Unfortunately, many of our elected leaders are not tied to this essential reality. Case in point, President Joe Biden has officially rejoined the United States to the Paris Climate Agreement, which will be a disaster for the national economy. The compact which President Donald Trump rightly withdrew the United States in 2017, imposed a goal of an almost 30 percent reduction in U.S. carbon emissions by 2025 — an unrealistic benchmark that threatens to strangle our Covid-racked economy.
The Paris agreement is a far-reaching agreement developed in 2015 requiring that developed nations slash their fossil fuel use, tighten greenhouse gas emission targets every five years, and become “carbon neutral” within a few decades.
North Carolina Governor Roy Cooper is set to be a cheerleader of this policy move. In 2017, Cooper signed an open letter to the international community declaring that our state was “still in” concerning the Paris climate agreement. By signing the letter, Gov. Cooper joined the U.S. Climate Alliance (USCA) – a group of 25 state and territorial governors who still wanted to adhere to the Paris agreement, even after President Trump removed the United States from the agreement.

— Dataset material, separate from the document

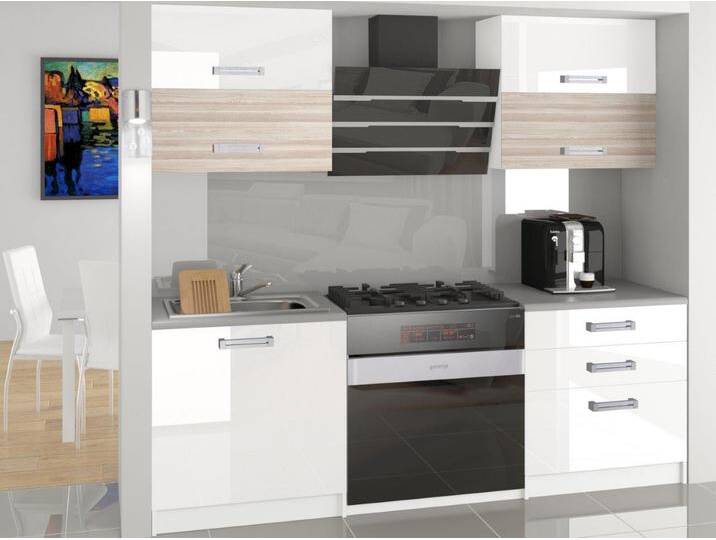 Küchenzeile 120 cm Eiche weiß glänzend wotan Eiche sonoma mit Arbeitsplatte Hersteller INF ELEGANTA/2/WT/WATW/0/D Küchenzeile 120 cm Eiche weiß glänzend wotan Eiche sonoma mit Arbeitsplatte Hersteller INF ELEGANTA/2/WT/WATW/0/D von belini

Gov. Cooper has written “North Carolina knows that clean air and energy innovation are good for our economy and health.” Unfortunately, the Paris Climate Agreement achieves neither.

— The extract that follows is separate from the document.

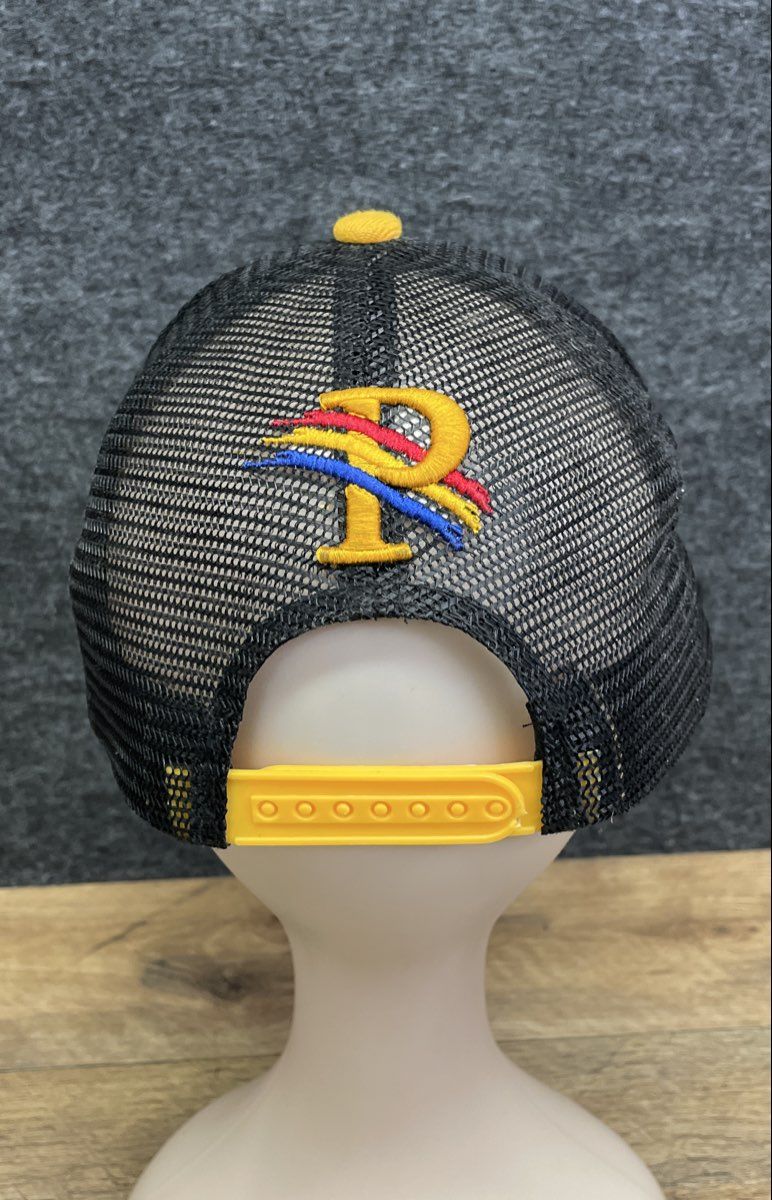 Professional Style Men's Pittsburgh Helmet Trucker Hat Snapback Black Yellow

According to scientists supporting the climate deal, even if the U.S. and all other nations that took part in the agreement meet their obligations, increases in global temperatures will vary little from the anticipated increases if the deal were not in place.
While the agreement’s positive environmental impact is nearly nonexistent, the negative economic consequences will be very real. A 2016 report from the Heritage Foundation found that the U.S. adhering to the Paris Agreement would result in an overall loss of nearly 400,000 jobs, half of which would be manufacturing jobs. North Carolina’s economy would be especially hard hit because the state is heavily reliant on manufacturing. The manufacturing sector accounts for 10.36 percent of North Carolina’s workforce and 18.31 percent of its economic output.

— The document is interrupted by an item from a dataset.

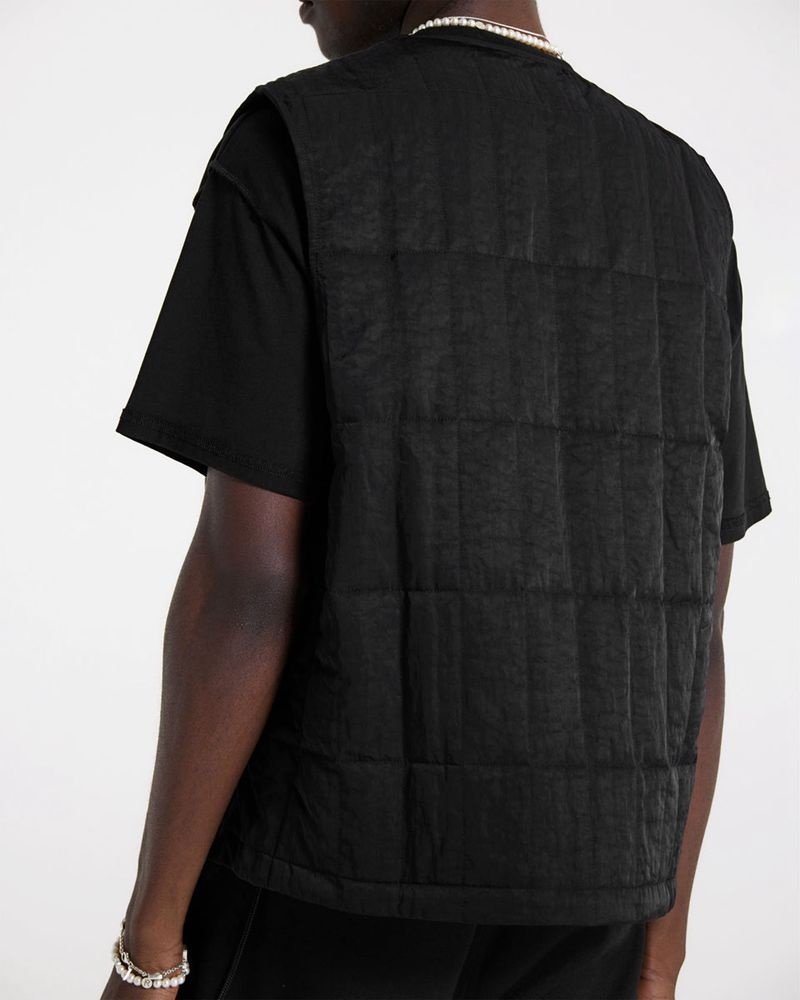 Men's Represent Lightweight Nylon Vest Black | UK-ECMVQ4857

The Heritage report also found that the Paris Agreement would lead to an average total income loss of more than $20,000 for a family of four nationally and an aggregate gross domestic product (GDP) loss of more than $2.5 trillion.
Reentering the Paris Agreement is not a recipe for national economic recovery. Adhering to and exceeding the Paris Protocols, as called for in Gov. Cooper’s Clean Energy Plan, is a recipe for economic stagnation in the Old North State.
In his Executive Order No. 80, Gov. Cooper ordered that the Department of Environmental Quality (DEQ) created a “Clean Energy Plan” (CEP) and directed that that plan reduce statewide greenhouse gas emissions to 40 percent below 2005 levels. DEQ’s plan, published in October 2019, takes a particularly aggressive aim at the electrical power sector, which DEQ aims to decarbonize by 2050. Put another, more realistic way, the Cooper Administration’s Clean Energy Plan seeks to fully replace 44.65 percent of North Carolina’s electrical energy production with a finite list of renewable energy sources. Notice that the goal is not necessarily “clean energy” production in the “Clean Energy Plan,” instead, the CEP seeks to decarbonize and use renewable sources. Those are not necessarily the same goals. That is quite a shame considering there are two clean energy sources that are dispatchable and marketable now – nuclear and hydroelectric. Instead, the Cooper Administration is doubling down on more expensive renewable energy sources with deep corporate pockets and an army of lobbyists on Jones Street – solar, offshore wind, and biogas (methane collected from landfills, swine operations, and other sources).
Of course, calls for increased investments in renewable energy always come with job creation claims; however, the data tells another tale.
While constructing renewable energy facilities does create temporary jobs, it has cost and will cost North Carolina net jobs in the long-term. A 2015 report by the North Carolina Department of Environment and Natural Resources (now the Department of Environmental Quality) stated: “At higher rate impact levels, the job losses from higher total cost of electricity across the state may exceed the jobs gained through renewables development.”
If our economy’s life is dependent on energy, then our current course of the Biden and Cooper administrations will be a death blow to untold numbers of jobs. North Carolina deserves a real energy plan, not a path designed to pander to “green” special interests.
Donald Bryson is president and chief Strategy officer at the John Locke Foundation.